Ciemnota religijna i ciemnota antyreligijna są dziś w Polsce równie
kompromitujące.
Komentować to zjawisko można różnie. Zwrócę uwagę na jeden jego aspekt: maleje liczba tych, którzy przychodzą na mszę z uwagi na nakaz przeżywany jako zewnętrzny. Rośnie liczba tych, którzy czynią to z wewnętrznej potrzeby. Chcą inspiracji religijnej silniejszej niż ta, którą ofiaruje im współczesny duszpasterski standard. Dziś jest ich pół miliona. Ile ich będzie w Polsce za kolejne piętnaście lat - mniej czy więcej?

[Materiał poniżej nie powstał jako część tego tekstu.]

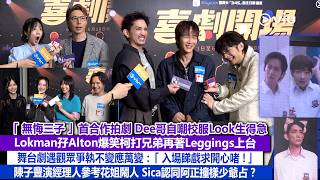 ✨足本訪問：無悔三子首合作拍劇😙Dee哥自嘲校服造型生得急🥸Lokman孖Alton爆笑柯打兄弟再著Leggings上台🦵🏻舞台劇遇觀眾爭執不變應萬變 陳子豐演經理人參考花姐鬧人🗣️｜Viu1現場實況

Ekumenia - mechanizm zbliżenia
Pięćdziesiąt lat temu w tymże mokotowskim kościele opowiadano mi dużo paskudztw o protestantach i wyśmiewano prawosławnych. O ekumenizmie tak naprawdę dowiedziałem się najpierw z dokumentów soborowych. Potem wielokrotnie zdarzało mi się brać udział w nabożeństwach ekumenicznych. Były pełne wzajemnego ciepła, zawsze jednak mieliśmy poczucie czegoś absolutnie wyjątkowego i skłaniającego do dyskrecji. W "polskim" Kościele katolickim ekumeniści czuli się niemalże jak sekta, jakoś tolerowana, ale niewątpliwie dziwaczna. Wyśmiewania innych wyznań już na ogół nie było, ale śladów zainteresowania, solidarności czy sympatii - też nie. Dziś zresztą też jest ich niewiele.
Coś się jednak w tym względzie zmieniło - w proporcjach postaw życzliwych i nieżyczliwych i w samej kulturze wewnątrz świeckich i księżowskich środowisk katolickich. Zachowania nieekumeniczne, złośliwości i zjadliwe uwagi na temat "braci odłączonych" (a coraz częściej mówimy raczej o "rozłączonych") przestały być modne. Środek ciężkości opinii przesunął się w kierunku ekumenii. Niedługo "sektą w łonie Kościoła" poczują się antyekumeniści. Co sympatyczne, proces ten jest znacznie bardziej zaawansowany w tych diecezjach, gdzie istnieją znaczne społeczności innych wyznań, powolniej zaś rozwija się tam, gdzie "innowierca" jest tylko pojęciem z podręcznika. Praktyka kontaktu okazuje się mechanizmem zbliżenia, nie starcia.
A unikatowa na światową skalę wspólna modlitwa przedstawicieli trzech wielkich religii - chrześcijaństwa, islamu i judaizmu - kierowana do jedynego przecież, choć różnie pojmowanego Boga, odbyła się przed miesiącem nie w którymkolwiek z najbardziej znanych z nowatorstwa krajów zachodnich, ale właśnie w "konserwatywnie katolickiej" Polsce - na tegorocznym zjeździe gnieźnieńskim... Amerykańska prasa komentowała to wydarzenie z nieukrywanym zaskoczeniem - nie pasowało jej ono do popularnego stereotypu tradycyjnego polskiego katolicyzmu.